You missed the word 'here', and the sense of the change being over the next two decades or so without any implication it will only start to 'matter' toward the end of that period.

I have nothing but applause for for-profit entities deciding to make green (or blue) hydrogen to support the developing transit hydrogen infrastructure.  It supports precisely the thing most important to build out and develop to make hydrogen carrier fuel accepted in the marketplace, not just a niche fuel (as it has been for decades here).  

I leave a longer timeframe because I don't see any technological change making hydrogen carrier more cost-effective "soon" than other fuels (carrier or primary) derived from renewable sources.  I continue to watch the technologies with interest, and will assuredly advocate it (as I did for natural gas with the first reports on the technology that became fracking) when the appropriate combination of technology and incentive becomes present.  
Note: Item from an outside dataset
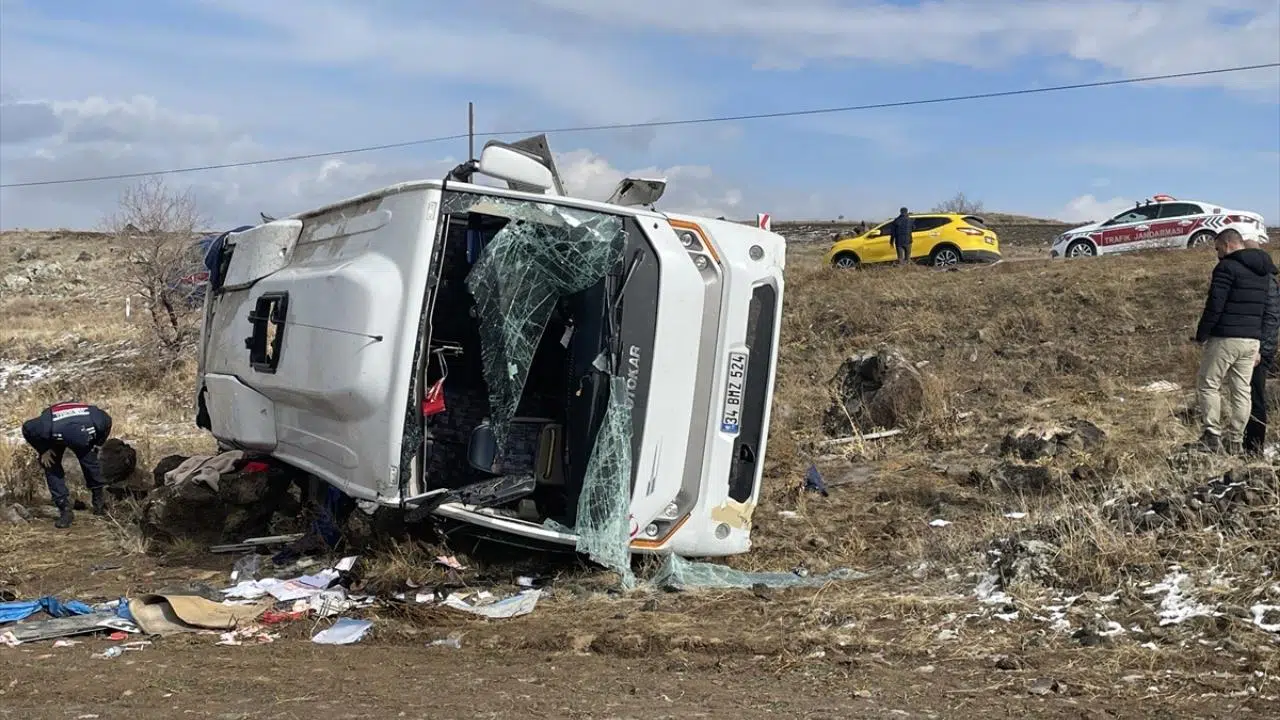 Niğde'de devrilen tur midibüsündeki 12'si yabancı turist 14 kişi yaralandı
Personally, I don't think sequestration costs have radically ballooned since the clean-coal days when the net cost involved about a 23% increase in effective production cost over typical pollution-control electrical generation.  This makes blue hydrogen from some of the typical 'process hydrogenation sources' -- particularly those set up to use nuclear-generation waste heat as part of the process heat involved -- much more important (and less wasteful overall) than electrolytic separation, and functionally zero-carbon if the sequestration is done in a closed process.  While dihydrogen monoxide is one of the more important greenhouse gases, it is not always in the vapor state, and a few megatons of it from fossil sources added to the global water cycle per year is both trivial and likely an insignificant actual accelerant of AGW... perhaps less so than removing a comparable mass of it from the environment over the same period.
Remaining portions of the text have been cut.